Why Do We Romanticize the Confederacy In Film? / by Keith LaFountaine

How does one address the Civil War in a film? This is a question that many filmmakers have asked for years. More difficult to answer, though, is the question: how does one portray the Confederacy in a film?

One would think that the Confederacy would be consistently portrayed as villainous and evil due to their beliefs and the history surrounding the Confederate secession from the United States. However, surprisingly, the Confederacy is often given a sympathetic lens in films. Sometimes the South and the Confederacy are even romanticized in the context of the Civil War.

So why does this happen? Why do filmmakers like to romanticize the Confederacy?

  Cold Mountain  (2003, dir. Anthony Minghella)

Cold Mountain (2003, dir. Anthony Minghella)

I began to notice this trend recently after, coincidentally, watching some Civil War films and episodes of The Twilight Zone in close succession. The most recent of these (I watched it this morning) was Anthony Minghella's 2003 adaptation of Cold Mountain, a romantic drama about a wounded Confederate soldier trying to make his way back to his wife.

Cold Mountain does not try to hide the fact that the Confederacy owned slaves; however, it does romanticize the agrarian image of the South, with a muscled Jude Law building houses and women (mainly Nicole Kidman) wearing bonnets and playing piano. It represents the south as this sort of idyllic landscape ravaged by war and the Union army.

  Gone With the Wind  (1939, dir. Victor Fleming)

Gone With the Wind (1939, dir.
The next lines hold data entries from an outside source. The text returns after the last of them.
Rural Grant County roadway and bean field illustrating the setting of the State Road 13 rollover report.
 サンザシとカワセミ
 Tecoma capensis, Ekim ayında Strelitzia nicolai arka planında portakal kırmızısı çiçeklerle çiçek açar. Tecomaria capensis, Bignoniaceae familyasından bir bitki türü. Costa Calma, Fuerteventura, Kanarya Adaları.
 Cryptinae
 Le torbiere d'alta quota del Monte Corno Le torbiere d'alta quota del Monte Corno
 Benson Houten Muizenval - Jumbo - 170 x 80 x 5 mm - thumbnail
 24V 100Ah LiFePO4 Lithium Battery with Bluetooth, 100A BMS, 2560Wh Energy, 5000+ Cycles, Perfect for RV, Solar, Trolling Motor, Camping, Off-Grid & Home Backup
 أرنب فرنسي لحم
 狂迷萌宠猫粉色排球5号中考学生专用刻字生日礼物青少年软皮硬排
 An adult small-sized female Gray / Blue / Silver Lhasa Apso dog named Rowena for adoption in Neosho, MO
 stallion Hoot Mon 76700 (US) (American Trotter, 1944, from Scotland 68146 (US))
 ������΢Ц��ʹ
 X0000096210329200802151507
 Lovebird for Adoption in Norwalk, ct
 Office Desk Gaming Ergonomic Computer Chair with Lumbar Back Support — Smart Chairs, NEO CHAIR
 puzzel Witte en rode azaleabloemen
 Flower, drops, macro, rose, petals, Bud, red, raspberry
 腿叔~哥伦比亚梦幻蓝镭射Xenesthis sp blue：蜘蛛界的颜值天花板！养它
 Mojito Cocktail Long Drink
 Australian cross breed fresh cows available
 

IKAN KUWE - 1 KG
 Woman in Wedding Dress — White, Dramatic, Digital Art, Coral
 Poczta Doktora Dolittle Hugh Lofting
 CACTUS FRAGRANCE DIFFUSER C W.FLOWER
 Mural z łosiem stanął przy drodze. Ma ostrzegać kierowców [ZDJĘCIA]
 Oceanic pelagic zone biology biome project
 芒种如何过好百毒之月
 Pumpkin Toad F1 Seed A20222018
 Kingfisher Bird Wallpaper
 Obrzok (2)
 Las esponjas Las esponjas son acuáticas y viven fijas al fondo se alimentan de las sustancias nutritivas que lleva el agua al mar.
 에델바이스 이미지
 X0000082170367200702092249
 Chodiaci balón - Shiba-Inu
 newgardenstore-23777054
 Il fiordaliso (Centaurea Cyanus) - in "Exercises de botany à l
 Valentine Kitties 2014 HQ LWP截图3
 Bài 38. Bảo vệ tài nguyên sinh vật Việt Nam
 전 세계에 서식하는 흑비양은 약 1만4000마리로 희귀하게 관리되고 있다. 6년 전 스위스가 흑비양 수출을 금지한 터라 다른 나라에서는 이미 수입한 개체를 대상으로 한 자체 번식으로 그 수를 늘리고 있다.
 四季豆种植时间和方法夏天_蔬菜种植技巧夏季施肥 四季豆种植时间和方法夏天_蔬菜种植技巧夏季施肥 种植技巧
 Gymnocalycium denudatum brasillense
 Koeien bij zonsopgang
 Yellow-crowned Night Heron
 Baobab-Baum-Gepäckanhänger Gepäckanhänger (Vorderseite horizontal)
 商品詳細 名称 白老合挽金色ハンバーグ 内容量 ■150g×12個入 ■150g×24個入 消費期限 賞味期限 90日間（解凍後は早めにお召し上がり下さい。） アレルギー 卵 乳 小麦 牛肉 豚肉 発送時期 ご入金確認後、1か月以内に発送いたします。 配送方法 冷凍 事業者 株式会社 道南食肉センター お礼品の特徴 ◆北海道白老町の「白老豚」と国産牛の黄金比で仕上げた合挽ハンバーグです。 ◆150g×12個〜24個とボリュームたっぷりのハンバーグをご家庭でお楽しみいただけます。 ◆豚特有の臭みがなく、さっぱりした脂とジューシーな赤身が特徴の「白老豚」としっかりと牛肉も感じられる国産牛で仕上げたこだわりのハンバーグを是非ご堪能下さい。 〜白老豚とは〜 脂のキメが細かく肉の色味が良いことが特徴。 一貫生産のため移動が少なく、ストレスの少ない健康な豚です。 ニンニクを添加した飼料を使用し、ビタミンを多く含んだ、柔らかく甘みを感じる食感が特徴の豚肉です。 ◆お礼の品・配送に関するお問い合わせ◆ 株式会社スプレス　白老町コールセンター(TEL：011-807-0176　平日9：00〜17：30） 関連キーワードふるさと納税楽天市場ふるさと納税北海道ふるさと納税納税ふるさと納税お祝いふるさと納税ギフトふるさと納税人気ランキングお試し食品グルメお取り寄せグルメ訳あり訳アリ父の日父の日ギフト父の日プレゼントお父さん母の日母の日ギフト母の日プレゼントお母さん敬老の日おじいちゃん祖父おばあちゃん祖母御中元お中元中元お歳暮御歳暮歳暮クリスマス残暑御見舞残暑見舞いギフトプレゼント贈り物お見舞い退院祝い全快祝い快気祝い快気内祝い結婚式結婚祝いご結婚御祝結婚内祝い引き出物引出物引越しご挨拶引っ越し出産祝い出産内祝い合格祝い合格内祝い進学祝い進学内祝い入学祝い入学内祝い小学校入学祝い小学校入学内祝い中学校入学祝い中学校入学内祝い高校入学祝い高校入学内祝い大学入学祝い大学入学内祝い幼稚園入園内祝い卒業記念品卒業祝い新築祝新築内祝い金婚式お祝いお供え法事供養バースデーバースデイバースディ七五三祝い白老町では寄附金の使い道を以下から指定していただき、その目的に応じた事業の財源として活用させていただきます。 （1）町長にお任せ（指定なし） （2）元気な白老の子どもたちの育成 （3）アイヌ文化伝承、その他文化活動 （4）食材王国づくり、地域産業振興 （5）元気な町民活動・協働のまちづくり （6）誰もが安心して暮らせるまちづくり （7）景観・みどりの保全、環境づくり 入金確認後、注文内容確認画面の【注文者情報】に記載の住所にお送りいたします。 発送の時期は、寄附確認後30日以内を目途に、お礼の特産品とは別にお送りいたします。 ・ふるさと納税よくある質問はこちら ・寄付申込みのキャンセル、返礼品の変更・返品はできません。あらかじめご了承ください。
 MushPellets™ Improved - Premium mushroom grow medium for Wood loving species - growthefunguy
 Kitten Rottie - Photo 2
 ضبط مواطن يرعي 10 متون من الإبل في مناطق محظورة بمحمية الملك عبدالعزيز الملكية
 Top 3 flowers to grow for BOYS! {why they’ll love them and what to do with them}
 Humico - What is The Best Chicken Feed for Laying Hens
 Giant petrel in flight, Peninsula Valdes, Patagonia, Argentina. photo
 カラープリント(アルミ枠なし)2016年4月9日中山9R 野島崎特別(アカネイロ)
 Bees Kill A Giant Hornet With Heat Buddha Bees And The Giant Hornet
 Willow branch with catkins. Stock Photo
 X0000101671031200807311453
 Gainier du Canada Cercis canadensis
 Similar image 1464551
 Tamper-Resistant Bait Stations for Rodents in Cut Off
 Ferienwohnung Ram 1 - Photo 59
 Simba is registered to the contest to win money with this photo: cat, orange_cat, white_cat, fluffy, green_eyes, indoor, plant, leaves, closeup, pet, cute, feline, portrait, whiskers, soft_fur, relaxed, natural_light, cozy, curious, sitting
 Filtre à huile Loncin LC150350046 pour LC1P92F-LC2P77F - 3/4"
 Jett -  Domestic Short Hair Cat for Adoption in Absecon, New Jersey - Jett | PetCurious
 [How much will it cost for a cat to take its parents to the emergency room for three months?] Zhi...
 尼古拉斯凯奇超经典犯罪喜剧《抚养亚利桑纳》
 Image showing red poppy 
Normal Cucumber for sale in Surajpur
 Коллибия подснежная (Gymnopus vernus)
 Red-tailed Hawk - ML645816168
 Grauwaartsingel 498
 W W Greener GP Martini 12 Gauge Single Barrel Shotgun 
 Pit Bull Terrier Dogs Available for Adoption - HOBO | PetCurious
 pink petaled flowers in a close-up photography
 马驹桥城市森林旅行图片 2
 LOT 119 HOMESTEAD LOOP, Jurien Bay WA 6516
Victor Fleming)

The other famous example of this is in the 1939 classic Gone With the Wind. Again, we are focusing on a love story between two Southerners while the Civil War rages in the backdrop.

However, it's not just these classic films that paint the South, and the Confederacy, in this light. For instance, in the 2014 film The Keeping Room the story revolves around three women (one of whom is a slave) fighting off two rogue Union soldiers who are trying to kill them. In Clint Eastwood's 1976 film, The Outlaw Josey Wales, Eastwood plays a Southerner who joins the Confederacy after his family is murdered by Union soldiers. And then, of course, there is the infamous (and incredibly racist) D.W. Griffith film, The Birth of a Nation, which paints the Confederacy and the KKK in a heroic light.

Now very few of these films (except for Griffith's) actually romanticize the Confederacy. Rather, these films seem to be romanticizing the tragic image of the South. Many of these films take place towards the end of the Civil War, when the Confederacy knew their time was up.

It's also important to say that not every Civil War film is about the Confederacy, of course. Films like Glory, The Red Badge of Courage, and Lincoln are all told from the North's point of view.

But there is still a question of why. Why do directors seem so interested in telling stories of Confederate soldiers and Southerners sympathetic to the Confederacy?

  Lincoln  (2012, dir. Steven Spielberg)

Lincoln (2012, dir. Steven Spielberg)

Part of the appeal of telling a Southern story may come from the more complex morality at work. How does one tell the story of a good Southerner when the South during that time was synonymous with the Confederacy? Furthermore, telling the story from the Confederate side avoids romanticizing the Union army (who, to be fair, did do some horrible things during the war). 

But there is still no escaping the fact that these films, either overtly or subtlely, romanticize the Confederate army.

None of these films are ignorant of their history (except for The Birth of a Nation); many of them have scenes dedicated to showing white Southerners being kind to slaves or show harrowing images of slavery. However, their polished version of the South and their idyllic vision of lush countrysides and small towns contradicts the horrors we know happened during this time.

  The Outlaw Josey Wales  (1976, dir. Clint Eastwood)

The Outlaw Josey Wales (1976, dir. Clint Eastwood)

Is there anything inherently wrong with telling a Civil War story from the South's perspective? I don't think so, as long as we are not trying to avoid or rewrite history. There is no way to spin the atrocities that the Confederacy committed (and there should never be an attempt to spin it) but there were still people in the South who were not directly associated with the Confederate army. There are plenty of stories that could be told -- especially from the perspective women and people of color -- which may be complex morally and may challenge audiences in a new way.

With that said, though, romanticizing the Confederacy feels uncomfortable for lack of better words. When we see a film that portrays the Union army as evil and the Confederacy as heroic it skews everything we know about American history. When we see polished cinematography of white farmers and lush countrysides without any sight of a slave (which happens often in Cold Mountain) it seems to be pushing aside history for something more palatable and digestible.

I don't have the answer for which stories should be told, or how they should be told (and I don't think I'm in a very good place to dictate that regardless). However, I think we should take a look at these films and really question why they are being told from a Southern perspective. What benefits (if any) does this offer us?

The answer may not be as clear-cut as we may think.